Official History tells us that the old ferry building stood at the same place before the new one was built. There are many photos of the old ferry building, from different angles:

 

 

This ferry building apparently stood at the end of market street, at embarcadero square from 1875 to 1898 when the new building was built.

Unfortunately, I also found photos, from the same period, in which this older ferry building is absent. An example:

 

Are we seeing examples of ancient photoshopping here? I suspect so.

This is San Francisco as it supposedly was in 1878.

 

The map reveals plenty of structures that look anachronistic and warrant further inspection. But let’s stay with the ferry building for now. A close-up reveals the following structure at the end of market street:

 

There is obviously some kind of larger building there, but the top of it is only barely visible. If you look closely at the tip, it looks more like the newer ferry building than the older one. But I’m not yet convinced.

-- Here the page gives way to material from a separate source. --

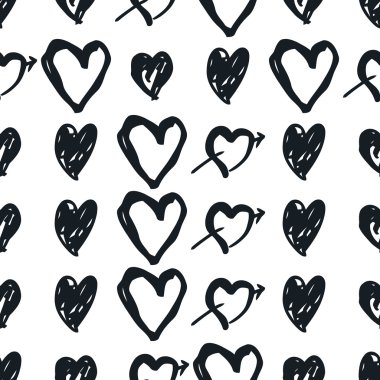 Kalpleri ile Seamless Modeli doodle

Unfortunately, ALL of the pre 1898 photos of market street pointing in the direction of where the ferry building might be, are whited-out.

 

This is supposed to be a drawing proposal of the ferry building. But perhaps it’s the way the area really looked, before.

 

Many structures both in old San Francisco and other cities across the U.S. that remind us of what ancient Rome was supposed to have looked like, not like something Cowboys with lassos have built.

 

 

This, by the way, is said to be the oldest building in San Francisco, Mission Dolores. It was built in 1782. Whoa…what? 1782? Yeah. Apparently this pillared structure was the only building in the area until the 1850s when the gold rush started.

 

None of this is anything like “Little House on the Prairie”.

We have been propagandized to think of the 1800s like this:

 

When it was actually like this:

 

In Conclusion: There is someone editing History as we go along. George Orwell was right when he said that the ruling elite erase, rewrite and edit History as they see fit.

Disclaimer: This series of articles is not to inspire the feeling that all is pointless because all is lies. It is to inspire a sense of freedom and liberation from the confines of mainstream nonsense.